On Oct. 2, 1914, the prisoners were repatriated after Mexican immigration agents assured Kosterlitzky that "no further threats hung over the heads of his men," Smith wrote. Kosterlitzky decided to stay in the United States, because he had been on the wrong side of the revolution. But he never gave up his Mexican citizenship.

For The Record
Los Angeles Times Sunday January 01, 2006 Home Edition Main News Part A Page 2 National Desk 9 inches; 322 words Type of Material: Correction
Emilio Kosterlitzky -- The L.A. Then & Now column in the Dec. 18 California section, which was about Emilio Kosterlitzky, a Russian imperial sailor who enlisted in Mexico's army and later spied for the U.S. while living in Los Angeles, did not credit some of the sources used. In addition to those cited -- Times articles published during Kosterlitzky's lifetime and a 1970 biography by Cornelius C. Smith Jr. -- sources included an article by Samuel Truett, assistant professor of history at the University of New Mexico, from the 2005 fall/winter issue of Huntington Frontiers magazine, a publication of the Huntington Library. The Times column said that during Kosterlitzky's last days at Ft. Rosecrans in San Diego, an FBI agent offered him a job in Los Angeles. Truett's article provided the specifics of that job offer, including the name of the federal agent who hired Kosterlitzky in 1914 to spy on refugees in the U.S. The column called him an FBI agent, but in 1914 the agency was known as the Bureau of Investigation. The column also said that when Kosterlitzky and his soldiers in Mexico surrendered to U.S. troops to seek American sanctuary from rebels, "according to international law, the neutral U.S. had to hold them as prisoners of war until they could be repatriated." That information should have been credited to Truett.

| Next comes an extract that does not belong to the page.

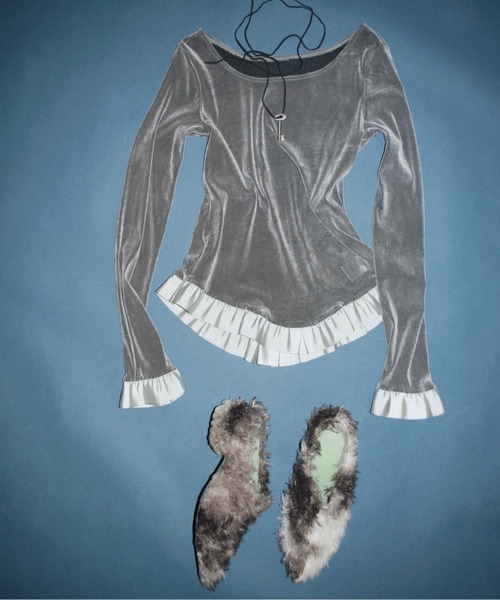 musubore(ムスボレ)の「bi-color flocky frill tops / フロッキーフリルトップス(Tシャツ/カットソー・レディース・グレー/パープル・FREE)」の14枚目の写真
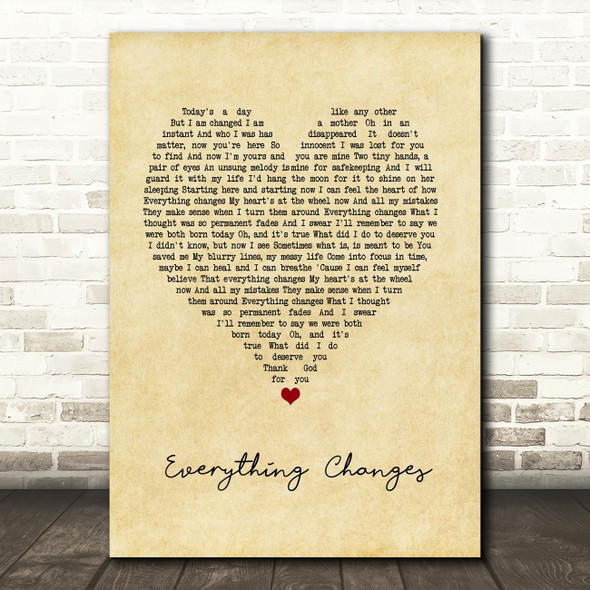 Sara Bareilles Everything Changes Vintage Heart Song Lyric Art Print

The column said some called Kosterlitzky "a man without a nation in search of a good fight," language that also should have been credited to Truett. Other sources used in the column were Times articles published after Kosterlitzky's death, a dispatch from the El Paso Times and the 1935 book "Los Angeles, City of Dreams," by former Times columnist Harry Carr. In addition, the column reported that Kosterlitzky captured Geronimo but released him because he thought the Indian was an honorable adversary. Kosterlitzky told at least one other version of the Geronimo story; the truth is in doubt.

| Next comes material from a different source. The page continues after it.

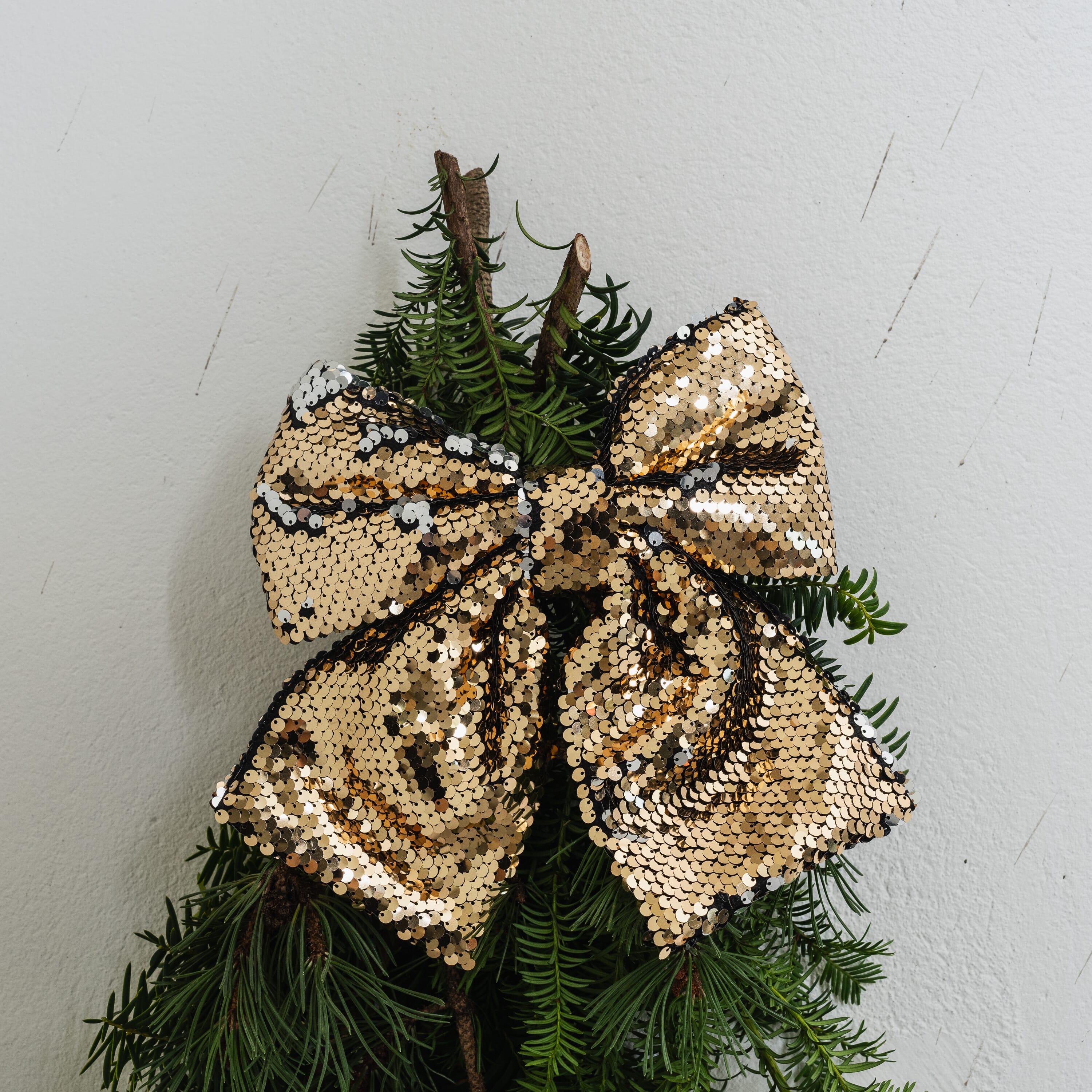 Sløyfe med clips gull/sølv Ø:20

During Kosterlitzky's last days at Ft. Rosecrans, an FBI agent offered him a job in Los Angeles: To mingle with Mexicans and flush out any revolutionary activities against the U.S. He moved with his family to L.A., where he continued working for the FBI, as an undercover agent and a translator.

By now, Kosterlitzky was well into his 60s. His clandestine service included wearing sunglasses and casual clothes and sunning himself on benches at Pershing Square, where he engaged strangers in talk about the war in Europe. He "occasionally turned up a dyed-in-the-wool German sympathizer," Smith wrote.

Even before the U.S. entered World War I in 1917, Los Angeles was a hotbed for German agents working to enlist Mexican aid in the war against the United States.

As the war unfolded, the nation's anti-German sentiment prompted many Germans to change their names to find and keep work. Kosterlitzky distributed "Beware of Spy" cards, asking citizens to watch their neighbors and report suspicious activities. Angelenos reported smuggling, tunnel-digging and even a supposed Morse code message on a clothesline using socks and underwear. Kosterlitzky followed up on all leads, most of which came to naught.

In 1922, Kosterlitzky was assigned to a so-called Prohibition team that hunted down bootleggers, rumrunners and gunrunners. His last official act for the U.S. government was investigating gunrunning from the Imperial Valley into Mexico, in a supposed plot to take over Baja California. On Aug. 15, 1926, Kosterlitzky and three other federal agents arrested eight Mexicans and one American. He retired the next month.

Kosterlitzky, who had married three times and fathered 10 children, died in 1928, at 74. On his deathbed, he supposedly told the offspring who had come:

" ... I can leave you nothing except the most wonderful fortune in the world: your mother, a jewel beyond price, and a name you can be proud to bear."